В результате, если не в принципе, то на практике поморцы стали действительно „христианами евангельского исповедания“, но оставаться такими навсегда они не хотели. Признавая, что законная иерархия пресеклась со времени Никона, они теперь уже находили, что она пресеклась не навсегда, но может и восстановиться, как восстанавливалась после эпох арианства и иконоборства. Поэтому когда в 1760 г. в Москве рогожцами был поднят вопрос о необходимости иметь законного архиерея, поморцы вступили с рогожцами в переговоры и согласились на соединение поморской и поповщинской /262/ церквей в случае, если удастся найти общими усилиями архиерея. Но на общем соборе поповцев и поморцев 1765 г. вопрос об архиерее решен не был; кроме дикого проекта посвящения архиерея рукою митрополита Ионы, оставленного в конце концов без исполнения, других способов добыть архиерея ученые поморцы и поповцы найти не могли. Поморцам пришлось остаться при упрощенном культе и существовать отдельно от поповщинской церкви.
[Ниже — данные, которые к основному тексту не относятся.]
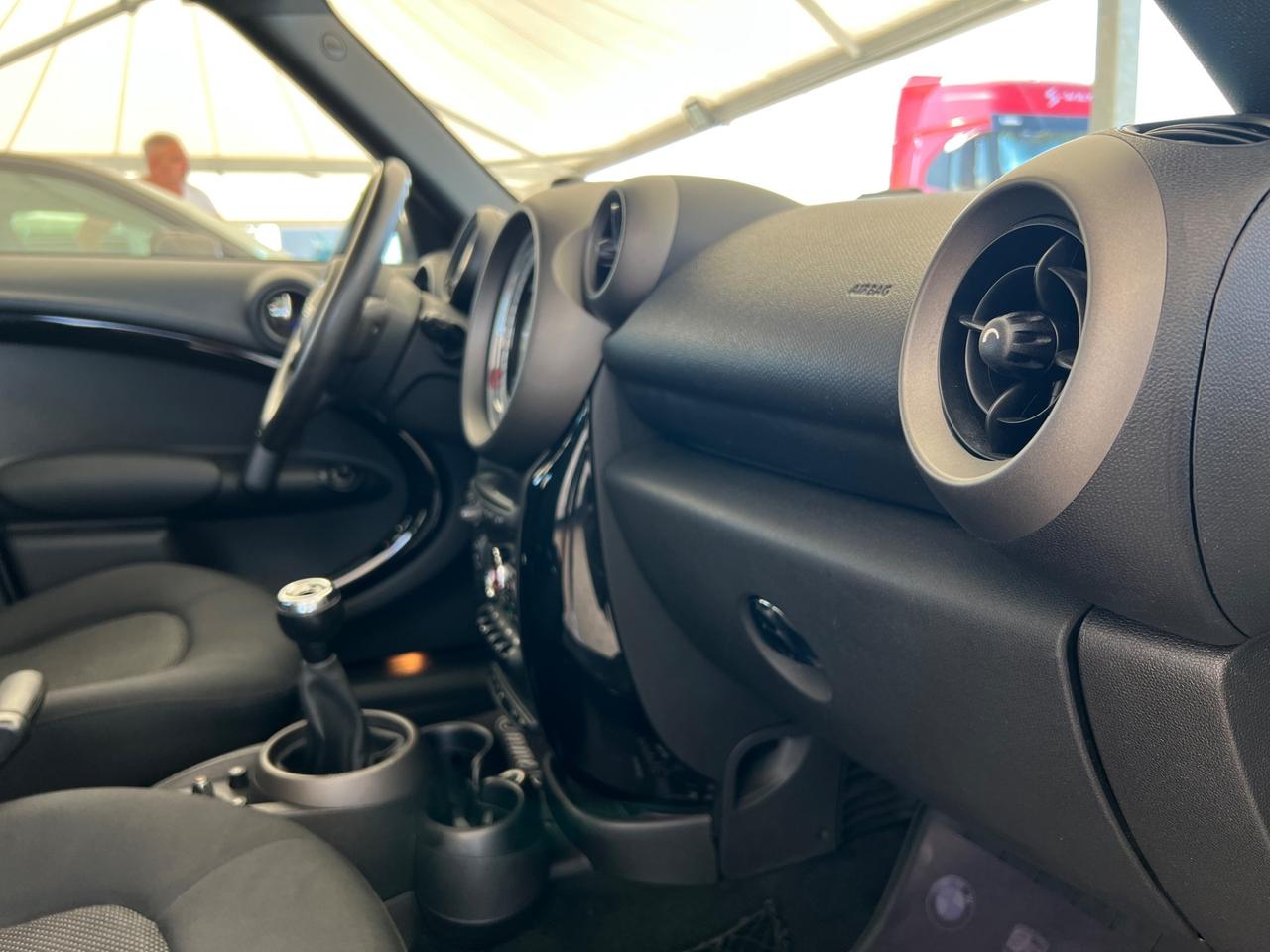 Mini Cooper D Countryman 1.6 110 Cv DOPPIO TETTO PANORAMICO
Такую же эволюцию прошло другое беспоповщинское согласие, так называемое федосеевское. Основатель этого согласия Феодосии Васильев, дьяк Крестецкого яма из рода бояр Урусовых, был сначала главою новгородской староверческой общины и руководителем уже упоминавшихся новгородских соборов 1692–1694 гг., на которых было проведено учение об окончательном исчезновении истинного священства. После 1694 г. он отправился в Польшу и там основал несколько беспоповщинских общин, получивших название федосеевских. Из Польши Феодосии поддерживал деятельные сношения с Выгом, но разошелся с выговцами во взглядах, а после того, как выговцы постановили молиться за царя, произошел в 1706 г. окончательный разрыв федосеевцев с поморцами. Феодосии отряс прах от ног своих и заявил: „Не буду нам с вами имети общения ни в сем свете, ни в будущем“. Около 1710 г. Феодосии пытался организовать общины в России, в Великолуцком и Дерптском уездах; но в 1711 г. он был арестован и умер в Новгородской тюрьме, а основанные им в России общины быстро распались вследствие правительственных репрессий. Напротив, федосеевские общины в Польше продолжали жить и расти. Состав этих общин был первоначально крестьянский с некоторою примесью посадского элемента; но еще до льготных мер Екатерины II в них началась социальная дифференциаци; создавшая буржуазные верхи, которые не могли уже удовлетвориться старыми нормами и эсхатологической идеологией. После указов Екатерины II множество федосеевцев, преимущественно купцов, переселилось в Россию и образовало общины в Петербурге, Новгороде, Ярославле, Стародубье (Злынке), Старой Руссе, Пскове и Риге. В Москве одновременно с учреждением рогожской общины федосеевцы учредили свою общину за Преображенской заставой, Преображенское кладбище с часовней, богадельней и молитвенным домом. Для получения разрешения на основание /263/ общины и для ее сохранения федосеевцам пришлось отказаться от принципов основателя их группы и ввести молитву за царя. Преображенская община очень скоро заняла совершенно особое положение и выработала свою идеологию, создав так называемое преображенское, или федосеевское, согласие в беспоповщине.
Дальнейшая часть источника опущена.